Millions of motorists expected to receive car finance compensation next year, FCA tells MPs

Regulator outlines redress plans after Supreme Court ruling, says payouts likely under £950 per deal and an awareness campaign will follow

Business & Markets 6 months ago

The UK's financial regulator told MPs it expects millions of motorists to be paid compensation next year for the mis-selling of car finance, as it prepares a redress scheme following recent Supreme Court rulings.

Nikhil Rathi, chief executive of the Financial Conduct Authority, told the Treasury Committee that the proposals relate to commission arrangements between lenders and dealers and to cases where buyers were given inaccurate information about finance options. While the Supreme Court limited the breadth of possible claims, the FCA said up to 30 million agreements from 2007 to 2020 could be subject to review.

The watchdog said a finance redress scheme has not yet begun but that it is planning a large public awareness campaign to explain how payouts will work, who will be eligible and how consumers can claim. Rathi said details were still being finalised, including whether claimants will need to opt in or whether they will be included automatically. "It will be pragmatic, proportionate and fair to all sides," he told MPs.

The FCA said claimants were likely to receive less than £950 per deal on average. It identified several categories of customers likely to be eligible, including many of the 14.6 million agreements made under so-called discretionary commission arrangements, where a dealer received commission from the lender based on the interest rate charged to the customer. Other potential claimants include buyers who had an unfair contract because commission paid to the dealer was so high and those who were not given accurate information about obtaining the best finance deal.

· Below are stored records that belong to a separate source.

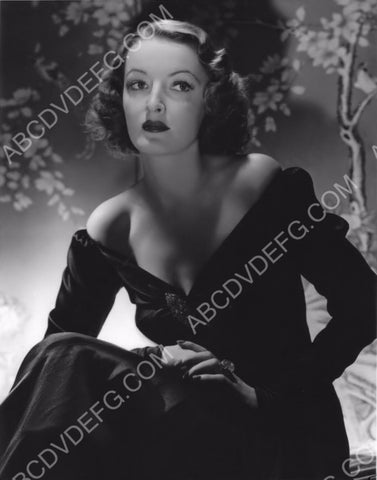 beautiful bare shoulders Gwili Andre portrait 8b20-13193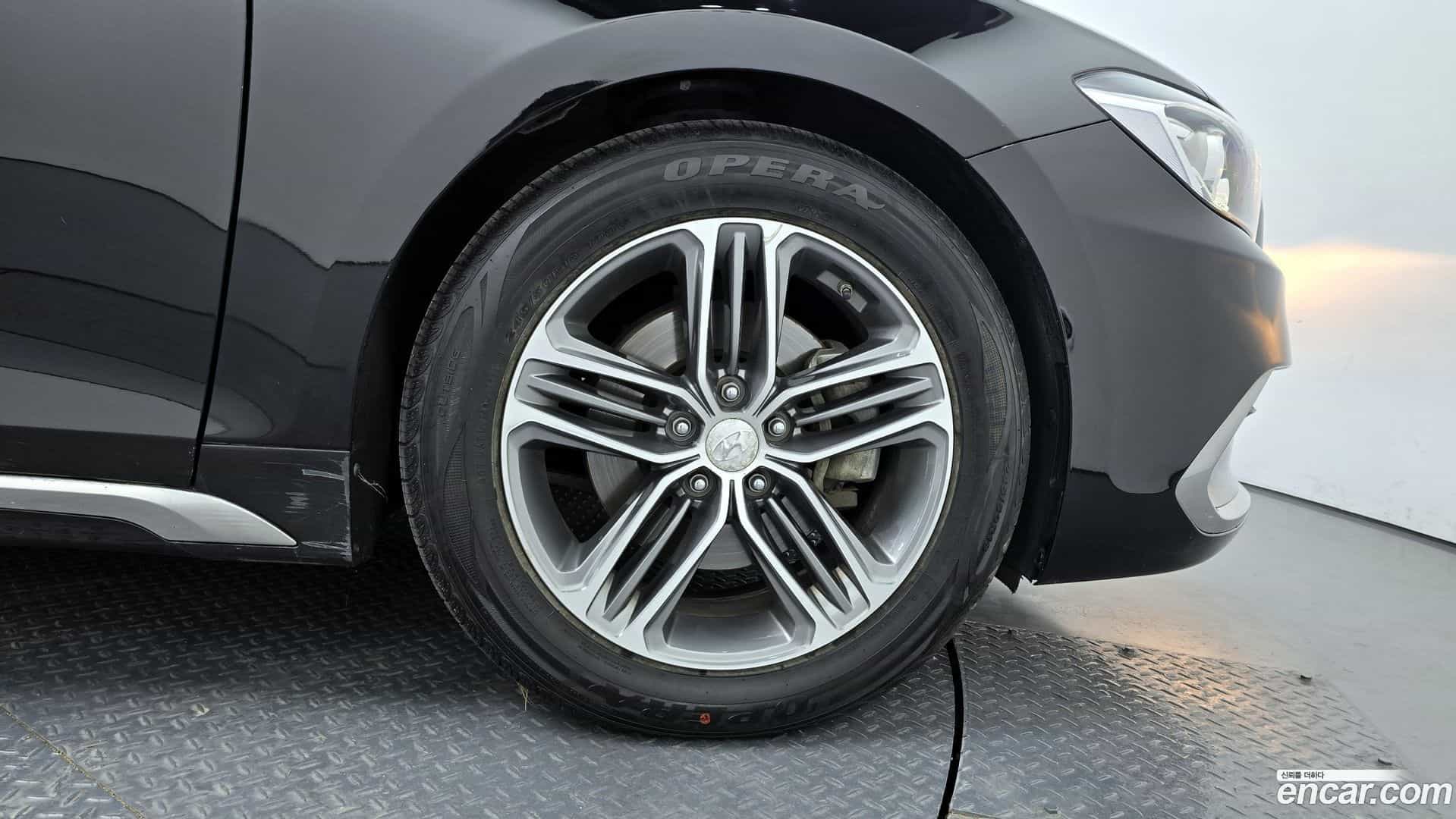 Grandeur Hyundai 2018.6-OUTER-005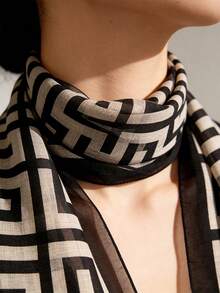 优雅日常OL专用100%真丝围巾，轻盈柔软，时尚百搭，专为女性设计 - 黑色 - 查看 4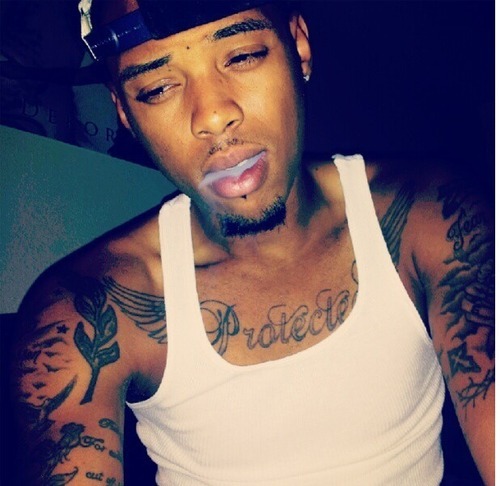 binchicago:  its-dori:  sexxxxsexxxx:  Fine af Send your submissions to freakie_jayson@yahoo.comwww.sexxxxsexxxx.tumblr.com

Rathi told the committee that not all firms involved had been fully cooperative as the regulator prepared the scheme. Committee chair Dame Meg Hillier pressed him to identify which firms were "playing hardball," but he declined to name them. The FCA did not give a timetable for when reviews of individual contracts would begin, beyond indicating that payments should start next year.

Ministers and consumer groups have drawn comparisons with the large redress programme that followed the mis-selling of payment protection insurance. The PPI campaign ran for more than a decade and featured a high-profile FCA awareness drive that included the robotic head and voice of actor Arnold Schwarzenegger; by the end of the scheme some 34 million consumers had received an average payout of about £1,000. The FCA said fewer people are expected to be eligible under the motor finance mis-selling scheme, but that it is still likely to cover millions of drivers.

Industry groups and lawyers are watching closely for details of the FCA's methodology for identifying affected contracts and calculating redress. The scale of the potential review — spanning more than a decade of agreements — means firms may have to trawl large volumes of legacy data and customer records.

The FCA said it would set out further details in due course and that it will aim to balance a fair outcome for consumers with proportionate burdens on firms. MPs on the Treasury Committee signalled they will continue to scrutinise the scheme as its design becomes clearer and as the regulator engages with lenders, dealers and consumer representatives.